▶ **GIVEN DATA**

▬▬▬▬▬▬

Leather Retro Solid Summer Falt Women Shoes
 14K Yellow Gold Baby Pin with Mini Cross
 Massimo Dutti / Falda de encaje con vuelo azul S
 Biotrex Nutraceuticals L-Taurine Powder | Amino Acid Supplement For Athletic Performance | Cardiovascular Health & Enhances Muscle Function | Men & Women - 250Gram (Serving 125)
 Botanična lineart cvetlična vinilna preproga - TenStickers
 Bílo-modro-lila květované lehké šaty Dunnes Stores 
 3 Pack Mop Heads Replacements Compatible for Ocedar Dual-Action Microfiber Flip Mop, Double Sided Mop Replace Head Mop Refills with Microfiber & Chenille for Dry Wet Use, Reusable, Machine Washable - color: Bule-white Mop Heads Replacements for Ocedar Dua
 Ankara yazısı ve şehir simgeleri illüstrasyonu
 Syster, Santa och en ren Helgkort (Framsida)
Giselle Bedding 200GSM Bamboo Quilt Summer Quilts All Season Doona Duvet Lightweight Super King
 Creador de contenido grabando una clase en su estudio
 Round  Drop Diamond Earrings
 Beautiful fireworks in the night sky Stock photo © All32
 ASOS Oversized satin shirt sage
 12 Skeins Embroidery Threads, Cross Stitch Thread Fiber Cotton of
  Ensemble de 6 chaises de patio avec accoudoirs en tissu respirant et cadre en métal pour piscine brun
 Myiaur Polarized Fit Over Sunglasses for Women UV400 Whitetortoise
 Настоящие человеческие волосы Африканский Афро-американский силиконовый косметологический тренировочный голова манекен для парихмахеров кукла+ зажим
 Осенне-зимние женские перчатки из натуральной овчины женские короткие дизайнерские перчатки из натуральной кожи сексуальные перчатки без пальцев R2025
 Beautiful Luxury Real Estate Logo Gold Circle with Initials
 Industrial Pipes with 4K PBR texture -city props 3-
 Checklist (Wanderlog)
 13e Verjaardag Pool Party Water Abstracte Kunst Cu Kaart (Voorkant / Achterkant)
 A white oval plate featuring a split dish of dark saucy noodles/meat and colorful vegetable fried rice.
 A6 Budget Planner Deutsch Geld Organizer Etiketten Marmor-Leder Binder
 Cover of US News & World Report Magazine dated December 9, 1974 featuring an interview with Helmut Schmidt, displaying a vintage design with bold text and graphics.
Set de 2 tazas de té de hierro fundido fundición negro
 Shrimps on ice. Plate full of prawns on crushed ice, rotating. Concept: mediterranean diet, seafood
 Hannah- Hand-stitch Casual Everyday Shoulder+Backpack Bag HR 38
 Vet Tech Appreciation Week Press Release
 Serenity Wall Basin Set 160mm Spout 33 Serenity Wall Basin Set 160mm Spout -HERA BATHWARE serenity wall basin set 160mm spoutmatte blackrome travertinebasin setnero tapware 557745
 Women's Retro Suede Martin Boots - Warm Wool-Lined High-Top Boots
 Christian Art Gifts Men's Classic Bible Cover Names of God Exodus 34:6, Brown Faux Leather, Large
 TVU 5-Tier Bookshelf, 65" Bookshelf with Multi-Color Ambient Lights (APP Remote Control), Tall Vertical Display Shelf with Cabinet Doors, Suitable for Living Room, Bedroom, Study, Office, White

▬▬▬▬▬▬

▶ **TO DO**
Search the material above for the word "Summer", then copy each line that holds it.

▶ **SOLUTION**
Leather Retro Solid Summer Falt Women Shoes
Giselle Bedding 200GSM Bamboo Quilt Summer Quilts All Season Doona Duvet Lightweight Super King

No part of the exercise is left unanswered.